それから私達は二人並んで、いつもの道を歩いた。
ゆっくり、ゆっくり。
いつもよりも倍の時間かけて……。
うつむく私、何も言わない彼。
聞こえるのは、お互いの歩く音、駅の音、
遠くからの車の音。
隣を歩いているだけなのに、やっぱり幸せな気持ちになるのは変わらなかった。
ちらっと、彼の顔を盗み見る。
変わらない。

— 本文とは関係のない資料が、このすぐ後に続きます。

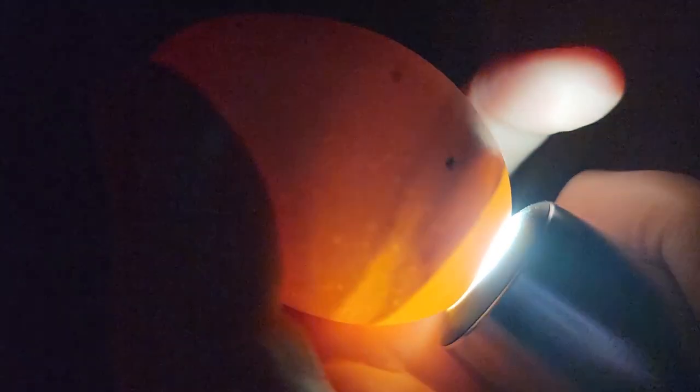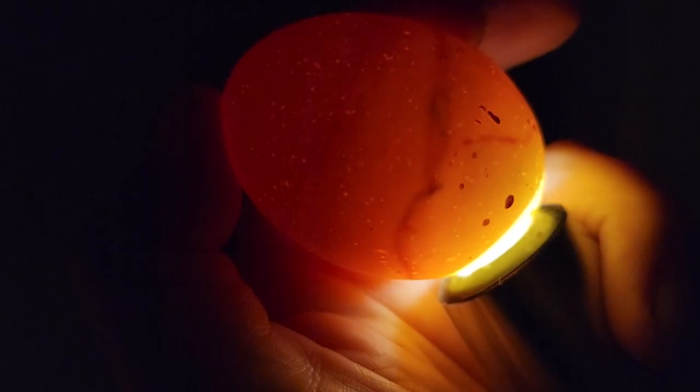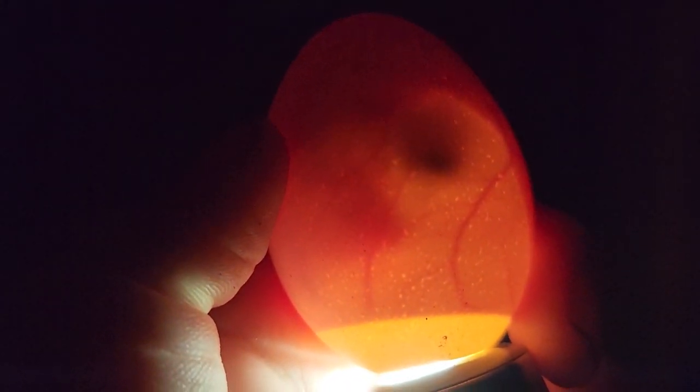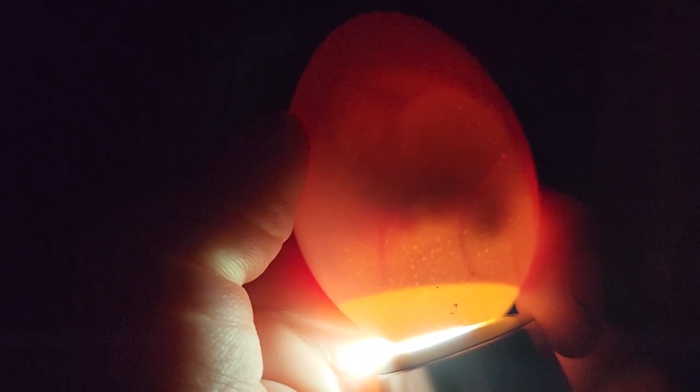You can see that this one began to develop and then died — it's got the blood ring and a stationary glob on the side. That is what we don't want to see. Here's another example of one that has passed — you can see the blood ring; it passed earlier in development. If you're interested in learning how to candle eggs at day seven, I have a great video with lots of details — I'll link it above. On the other end of the spectrum, life does survive, and at least one of the eggs still has life in it. It's a miracle.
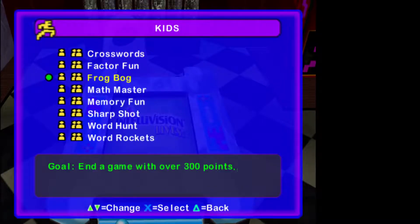So we're gonna take a look at Frogbog. The goal was to end a game with over 300 points. That right there tells you how low-scoring this game is — 300 points is our clear condition. I had hit it in my test runs earlier. It was actually gonna be the upload, but the audio was all janked up because I hadn't adjusted the levels before recording.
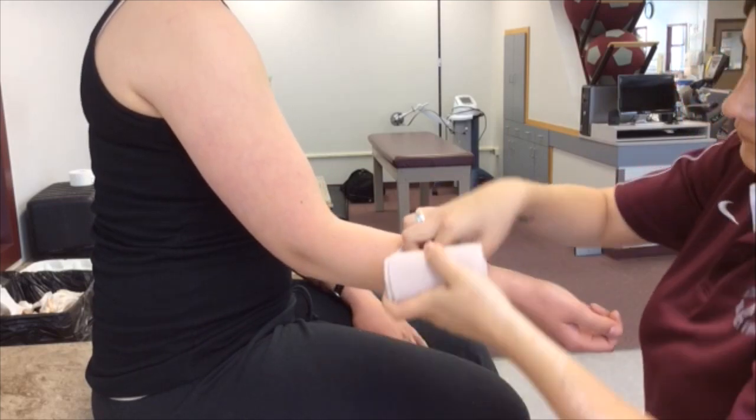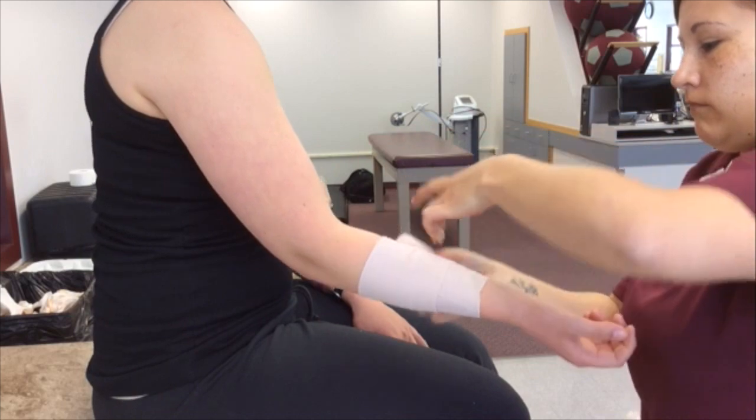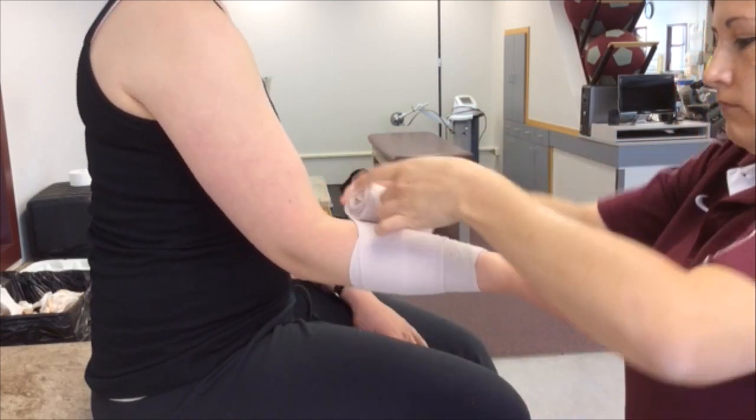Have the patient slightly flex the elbow. Use a 4 inch double ace wrap and apply at the distal end of the forearm.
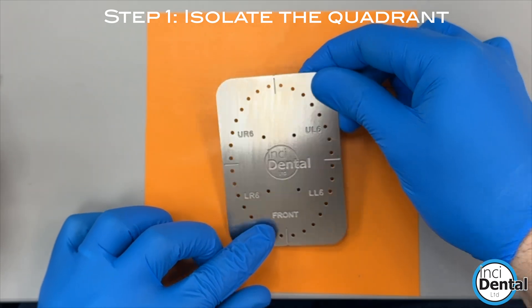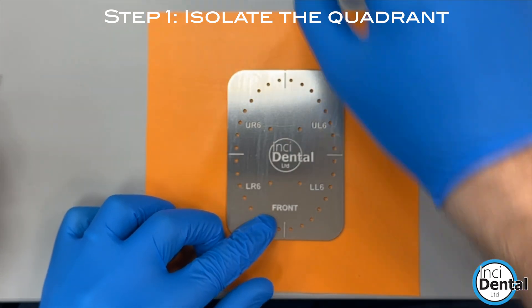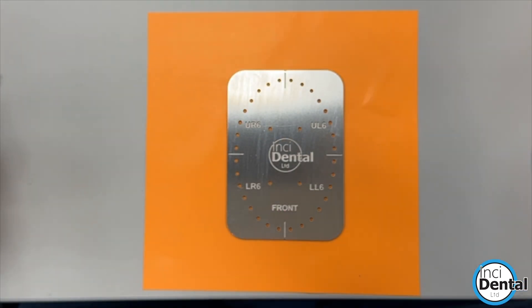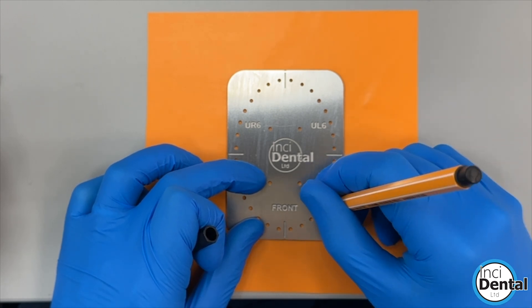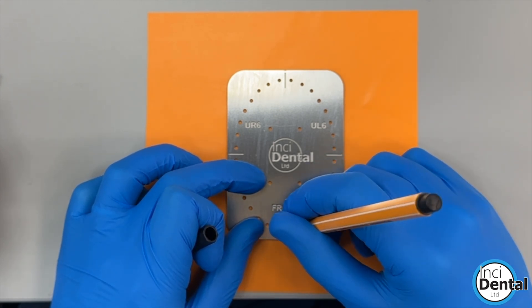Step one is to isolate the arch. Here we're doing the lower left: seven, six, five, four, three, two, one.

ふわふわの髪も、優しそうな目元も。
あえていうならば、また少しだけ痩せた……
パキッ。枝を踏んでしまって、音がなる。
「もうちょっと、こっち寄りな。」
「あ、うん。」
彼の方へ近づく。手があたってしまうんじゃないかって程の距離。
…このまま手をつないでしまおうか。
そうしたら私達あのころみたいに、
「相変わらず街灯少ないね、この道。」
ばか、何考えてんの。
顔見て、思い上がっちゃって。
「えっと、それでどうしたんだっけ?」
余計なことを考えなくてすむよう、私は彼に話を切り出した。
「あ、うん、こっち来たついでに荷物貰おうかなって、倫子の部屋に服とかおいてたよね、ちょっと。」
聞いてすぐ、私に会うための口実だとわかった。
だって彼が私の部屋に置いてあるものと言えば、1着の部屋着しか思い浮かばない。彼の自宅に他の部屋着があるはずだから、あってもなくても彼が困ることはない。
でも―――そう分かっていても、分かっていても、これで彼に会うのは最後になってしまうのかもしれないと
あなたのそばに少しでもいたいと、
この気持ちが彼にばれてしまわないように、私は「うん」とうつむいてうなずいた。